Saved data entries:
————————

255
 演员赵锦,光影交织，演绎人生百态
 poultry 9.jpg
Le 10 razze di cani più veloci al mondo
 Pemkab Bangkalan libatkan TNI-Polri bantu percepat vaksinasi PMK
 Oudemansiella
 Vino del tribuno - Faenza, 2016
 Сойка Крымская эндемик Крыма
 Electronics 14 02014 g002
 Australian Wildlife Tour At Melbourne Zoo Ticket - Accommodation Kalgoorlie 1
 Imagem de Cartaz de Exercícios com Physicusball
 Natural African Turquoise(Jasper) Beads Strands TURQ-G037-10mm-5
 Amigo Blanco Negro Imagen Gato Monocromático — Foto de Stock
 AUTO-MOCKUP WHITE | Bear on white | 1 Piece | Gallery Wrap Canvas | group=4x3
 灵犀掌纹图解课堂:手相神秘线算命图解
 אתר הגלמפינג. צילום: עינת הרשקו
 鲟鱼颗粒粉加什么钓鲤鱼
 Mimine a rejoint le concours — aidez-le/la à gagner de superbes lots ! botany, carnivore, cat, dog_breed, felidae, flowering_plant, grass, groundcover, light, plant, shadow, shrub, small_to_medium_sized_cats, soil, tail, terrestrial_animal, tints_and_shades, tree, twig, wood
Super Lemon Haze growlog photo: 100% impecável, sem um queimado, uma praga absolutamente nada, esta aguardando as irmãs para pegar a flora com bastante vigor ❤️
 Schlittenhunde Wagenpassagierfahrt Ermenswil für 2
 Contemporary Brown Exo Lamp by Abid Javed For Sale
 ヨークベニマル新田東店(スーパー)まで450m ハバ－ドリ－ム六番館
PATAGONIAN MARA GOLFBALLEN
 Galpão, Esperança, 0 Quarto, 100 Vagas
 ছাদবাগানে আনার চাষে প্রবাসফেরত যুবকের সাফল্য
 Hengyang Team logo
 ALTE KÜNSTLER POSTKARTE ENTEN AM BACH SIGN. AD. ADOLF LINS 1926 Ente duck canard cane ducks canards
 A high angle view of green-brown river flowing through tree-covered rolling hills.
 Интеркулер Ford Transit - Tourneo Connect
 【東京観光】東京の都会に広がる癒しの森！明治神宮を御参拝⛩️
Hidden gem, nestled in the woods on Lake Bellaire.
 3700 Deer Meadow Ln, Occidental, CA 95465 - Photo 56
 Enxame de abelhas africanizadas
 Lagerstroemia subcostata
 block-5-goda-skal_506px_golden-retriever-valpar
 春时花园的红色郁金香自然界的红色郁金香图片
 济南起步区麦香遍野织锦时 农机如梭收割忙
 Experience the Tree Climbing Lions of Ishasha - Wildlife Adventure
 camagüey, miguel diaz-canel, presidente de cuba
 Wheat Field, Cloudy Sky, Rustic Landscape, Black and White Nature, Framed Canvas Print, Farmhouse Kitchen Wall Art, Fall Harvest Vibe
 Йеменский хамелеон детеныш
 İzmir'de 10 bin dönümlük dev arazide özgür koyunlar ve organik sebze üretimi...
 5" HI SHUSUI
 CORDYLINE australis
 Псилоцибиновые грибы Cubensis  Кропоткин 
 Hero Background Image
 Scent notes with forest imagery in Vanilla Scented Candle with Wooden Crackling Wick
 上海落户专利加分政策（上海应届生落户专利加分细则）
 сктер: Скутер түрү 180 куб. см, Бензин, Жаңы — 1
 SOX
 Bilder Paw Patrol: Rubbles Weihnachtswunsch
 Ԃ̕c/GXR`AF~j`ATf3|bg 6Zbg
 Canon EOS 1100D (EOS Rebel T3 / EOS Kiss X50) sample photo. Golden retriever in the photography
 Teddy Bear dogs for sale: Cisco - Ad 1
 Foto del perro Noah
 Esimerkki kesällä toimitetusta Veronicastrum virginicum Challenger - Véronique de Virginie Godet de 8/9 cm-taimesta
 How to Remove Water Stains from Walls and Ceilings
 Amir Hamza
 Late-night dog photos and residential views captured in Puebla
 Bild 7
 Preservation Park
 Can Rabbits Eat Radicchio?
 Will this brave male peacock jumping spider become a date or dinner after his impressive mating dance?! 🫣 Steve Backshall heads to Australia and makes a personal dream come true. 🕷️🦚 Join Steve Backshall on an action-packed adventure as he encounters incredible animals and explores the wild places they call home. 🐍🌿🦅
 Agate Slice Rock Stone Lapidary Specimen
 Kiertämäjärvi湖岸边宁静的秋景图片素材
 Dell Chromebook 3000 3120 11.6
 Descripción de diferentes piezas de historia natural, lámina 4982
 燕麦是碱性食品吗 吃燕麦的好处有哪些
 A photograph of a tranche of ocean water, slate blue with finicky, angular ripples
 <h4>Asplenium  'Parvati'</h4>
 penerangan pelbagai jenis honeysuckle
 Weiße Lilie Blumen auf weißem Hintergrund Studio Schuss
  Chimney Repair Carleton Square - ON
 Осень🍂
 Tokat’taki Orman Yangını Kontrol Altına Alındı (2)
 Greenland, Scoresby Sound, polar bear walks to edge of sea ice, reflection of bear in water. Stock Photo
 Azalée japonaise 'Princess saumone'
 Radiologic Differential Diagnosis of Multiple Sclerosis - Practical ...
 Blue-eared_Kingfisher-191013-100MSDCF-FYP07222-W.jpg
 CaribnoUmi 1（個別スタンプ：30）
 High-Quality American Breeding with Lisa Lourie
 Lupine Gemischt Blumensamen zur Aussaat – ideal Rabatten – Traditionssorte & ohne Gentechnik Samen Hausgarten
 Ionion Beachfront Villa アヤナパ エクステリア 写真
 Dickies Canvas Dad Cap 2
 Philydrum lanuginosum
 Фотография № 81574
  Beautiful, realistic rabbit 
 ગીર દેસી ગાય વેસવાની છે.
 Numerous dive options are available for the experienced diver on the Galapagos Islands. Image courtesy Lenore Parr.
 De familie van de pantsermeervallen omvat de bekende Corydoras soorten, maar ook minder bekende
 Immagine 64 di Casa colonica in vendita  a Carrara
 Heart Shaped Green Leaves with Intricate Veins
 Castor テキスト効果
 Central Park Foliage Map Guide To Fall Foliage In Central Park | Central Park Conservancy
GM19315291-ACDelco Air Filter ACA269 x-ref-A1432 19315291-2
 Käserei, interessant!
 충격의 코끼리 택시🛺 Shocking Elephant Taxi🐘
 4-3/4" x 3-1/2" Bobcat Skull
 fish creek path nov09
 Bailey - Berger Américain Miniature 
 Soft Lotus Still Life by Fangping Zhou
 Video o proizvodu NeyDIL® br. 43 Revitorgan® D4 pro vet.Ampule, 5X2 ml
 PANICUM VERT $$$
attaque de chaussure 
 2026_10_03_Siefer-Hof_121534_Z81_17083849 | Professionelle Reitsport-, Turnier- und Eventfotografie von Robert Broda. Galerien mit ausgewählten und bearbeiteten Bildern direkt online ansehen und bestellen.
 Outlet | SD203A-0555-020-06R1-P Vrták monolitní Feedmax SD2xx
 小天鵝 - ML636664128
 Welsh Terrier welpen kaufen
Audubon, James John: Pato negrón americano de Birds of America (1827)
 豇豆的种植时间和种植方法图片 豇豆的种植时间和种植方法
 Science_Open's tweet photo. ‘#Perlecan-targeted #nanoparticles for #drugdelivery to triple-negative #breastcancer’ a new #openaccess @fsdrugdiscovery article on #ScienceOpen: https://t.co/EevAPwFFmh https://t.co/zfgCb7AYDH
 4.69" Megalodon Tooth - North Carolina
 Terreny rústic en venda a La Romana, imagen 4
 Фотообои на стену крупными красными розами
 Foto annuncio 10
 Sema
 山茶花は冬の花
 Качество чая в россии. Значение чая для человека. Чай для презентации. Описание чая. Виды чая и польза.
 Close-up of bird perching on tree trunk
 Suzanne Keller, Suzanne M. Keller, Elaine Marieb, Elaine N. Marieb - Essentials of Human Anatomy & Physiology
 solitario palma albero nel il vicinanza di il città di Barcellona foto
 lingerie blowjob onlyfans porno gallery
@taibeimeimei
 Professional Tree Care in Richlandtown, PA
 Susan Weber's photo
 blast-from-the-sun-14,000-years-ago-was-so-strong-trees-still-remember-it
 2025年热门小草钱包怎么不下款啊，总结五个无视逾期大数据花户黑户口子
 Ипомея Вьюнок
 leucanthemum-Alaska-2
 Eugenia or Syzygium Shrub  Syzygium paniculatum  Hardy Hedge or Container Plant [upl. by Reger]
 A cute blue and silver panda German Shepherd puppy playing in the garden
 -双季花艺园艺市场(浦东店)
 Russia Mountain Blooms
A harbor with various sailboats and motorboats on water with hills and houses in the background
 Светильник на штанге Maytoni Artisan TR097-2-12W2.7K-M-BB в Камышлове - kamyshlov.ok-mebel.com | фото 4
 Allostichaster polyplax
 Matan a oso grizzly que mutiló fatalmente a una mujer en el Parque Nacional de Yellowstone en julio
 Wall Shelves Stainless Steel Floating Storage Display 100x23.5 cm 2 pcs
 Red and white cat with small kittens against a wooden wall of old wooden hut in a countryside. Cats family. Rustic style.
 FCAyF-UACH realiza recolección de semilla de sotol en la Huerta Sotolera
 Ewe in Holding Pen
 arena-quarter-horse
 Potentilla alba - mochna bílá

————————

To do:
In the entries above, find lines with "retriever" and copy each.

Reply to the task:
 block-5-goda-skal_506px_golden-retriever-valpar
 Canon EOS 1100D (EOS Rebel T3 / EOS Kiss X50) sample photo. Golden retriever in the photography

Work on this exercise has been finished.